The waters have receded and left behind a mess in parts of Monmouth County.
In the Wanamassa section of Ocean Township, several homes were flooded on Allenhurst Avenue.
Bill Rosenblatt knew Monday’s storm was different.
“It was somewhere between 5 and 7 inches of rain in a few hours. I kept looking out the window and I saw the street starting to get high,” he said.
A makeshift wall was no match for the wake left behind from a passing truck.
“It produced a wave that I probably could have surfed on and knocked down the wall and water came flying down here,” said Rosenblatt.
Rosenblatt’s first thoughts were with his renters, a young couple with a 4-month-old baby.
“She was walking with the baby in probably thigh-high water,” he said.
Meanwhile, a few blocks away, flooding inundated an office complex.
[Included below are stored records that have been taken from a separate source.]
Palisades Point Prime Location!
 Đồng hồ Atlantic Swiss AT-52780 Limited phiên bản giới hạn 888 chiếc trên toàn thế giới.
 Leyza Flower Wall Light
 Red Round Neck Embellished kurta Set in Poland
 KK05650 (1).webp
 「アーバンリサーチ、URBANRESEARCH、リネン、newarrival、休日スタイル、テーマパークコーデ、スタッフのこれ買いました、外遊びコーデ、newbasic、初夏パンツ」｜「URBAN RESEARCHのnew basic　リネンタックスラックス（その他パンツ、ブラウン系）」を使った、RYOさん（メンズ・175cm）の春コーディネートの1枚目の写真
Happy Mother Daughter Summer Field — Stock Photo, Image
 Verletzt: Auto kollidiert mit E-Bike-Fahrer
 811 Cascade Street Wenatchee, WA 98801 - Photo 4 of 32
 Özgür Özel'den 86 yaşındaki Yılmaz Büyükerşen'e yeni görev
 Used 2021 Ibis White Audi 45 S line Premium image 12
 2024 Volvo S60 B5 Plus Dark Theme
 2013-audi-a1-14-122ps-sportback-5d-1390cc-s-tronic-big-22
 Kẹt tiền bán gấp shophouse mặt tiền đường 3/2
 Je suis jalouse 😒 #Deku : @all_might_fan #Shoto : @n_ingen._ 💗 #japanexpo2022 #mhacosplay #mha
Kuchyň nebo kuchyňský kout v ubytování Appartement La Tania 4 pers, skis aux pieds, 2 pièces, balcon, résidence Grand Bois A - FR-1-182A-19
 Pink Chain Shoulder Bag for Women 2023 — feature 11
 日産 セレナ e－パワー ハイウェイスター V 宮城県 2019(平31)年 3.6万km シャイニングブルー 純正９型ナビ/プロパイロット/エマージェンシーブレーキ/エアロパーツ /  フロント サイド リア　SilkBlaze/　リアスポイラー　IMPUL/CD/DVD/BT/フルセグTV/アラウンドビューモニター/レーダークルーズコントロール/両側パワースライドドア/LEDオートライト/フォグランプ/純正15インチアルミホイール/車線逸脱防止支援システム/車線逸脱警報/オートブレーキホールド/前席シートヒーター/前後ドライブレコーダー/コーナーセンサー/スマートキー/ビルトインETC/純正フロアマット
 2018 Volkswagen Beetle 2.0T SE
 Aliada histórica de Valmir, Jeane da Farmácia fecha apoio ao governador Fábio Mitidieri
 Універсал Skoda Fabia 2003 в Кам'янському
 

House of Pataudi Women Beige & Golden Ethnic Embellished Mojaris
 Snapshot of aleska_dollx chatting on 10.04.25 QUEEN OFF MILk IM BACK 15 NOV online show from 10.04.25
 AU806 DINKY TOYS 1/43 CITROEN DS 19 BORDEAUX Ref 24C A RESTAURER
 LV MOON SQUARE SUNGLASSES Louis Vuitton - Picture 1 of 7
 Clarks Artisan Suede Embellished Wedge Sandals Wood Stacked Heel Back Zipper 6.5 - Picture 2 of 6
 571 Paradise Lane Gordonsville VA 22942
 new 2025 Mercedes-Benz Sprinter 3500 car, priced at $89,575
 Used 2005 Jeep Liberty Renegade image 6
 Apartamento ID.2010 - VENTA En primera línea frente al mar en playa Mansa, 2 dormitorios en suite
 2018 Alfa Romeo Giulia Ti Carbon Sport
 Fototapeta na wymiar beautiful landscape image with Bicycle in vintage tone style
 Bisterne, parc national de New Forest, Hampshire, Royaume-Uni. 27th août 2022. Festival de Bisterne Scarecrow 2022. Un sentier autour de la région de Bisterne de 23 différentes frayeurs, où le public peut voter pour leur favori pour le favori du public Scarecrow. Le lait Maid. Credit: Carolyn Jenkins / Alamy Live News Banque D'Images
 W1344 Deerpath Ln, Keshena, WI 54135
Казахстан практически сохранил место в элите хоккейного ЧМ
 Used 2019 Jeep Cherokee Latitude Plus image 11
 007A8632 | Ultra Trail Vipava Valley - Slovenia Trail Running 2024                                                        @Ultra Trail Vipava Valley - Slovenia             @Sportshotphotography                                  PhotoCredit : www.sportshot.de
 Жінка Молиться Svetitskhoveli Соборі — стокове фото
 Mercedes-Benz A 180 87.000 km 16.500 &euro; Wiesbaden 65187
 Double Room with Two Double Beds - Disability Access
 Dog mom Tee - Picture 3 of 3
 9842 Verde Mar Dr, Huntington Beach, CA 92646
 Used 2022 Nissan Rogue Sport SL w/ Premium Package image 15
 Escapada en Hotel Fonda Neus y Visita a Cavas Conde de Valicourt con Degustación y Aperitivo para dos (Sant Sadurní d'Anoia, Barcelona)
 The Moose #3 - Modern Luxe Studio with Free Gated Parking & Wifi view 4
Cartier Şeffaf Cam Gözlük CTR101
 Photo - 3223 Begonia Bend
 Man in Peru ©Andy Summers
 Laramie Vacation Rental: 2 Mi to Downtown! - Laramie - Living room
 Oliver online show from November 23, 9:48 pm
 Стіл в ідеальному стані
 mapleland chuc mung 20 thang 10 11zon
Manasquan High Water Rescue teams from the volunteer fire department raced north, assisting dozens.
“We rescued about 25 people from a corporate office. I believe it was a doctor’s office and a dental office. They said they have never seen water that high before,” said Manasquan Police Detective Sgt. Johne Ringo, the town’s deputy OEM coordinator.
Rosenblatt says the downstairs sheetrock, cabinets and furniture are all a total loss. But he and his rental family made it out unhurt.
“The storm, the loss of power and then we have the floods. What’s next, the locusts,” he jokingly asked.
Rosenblatt and his neighbors want to see Monmouth County declared a federal disaster area to open federal funding to help these victims recover and get back on their feet.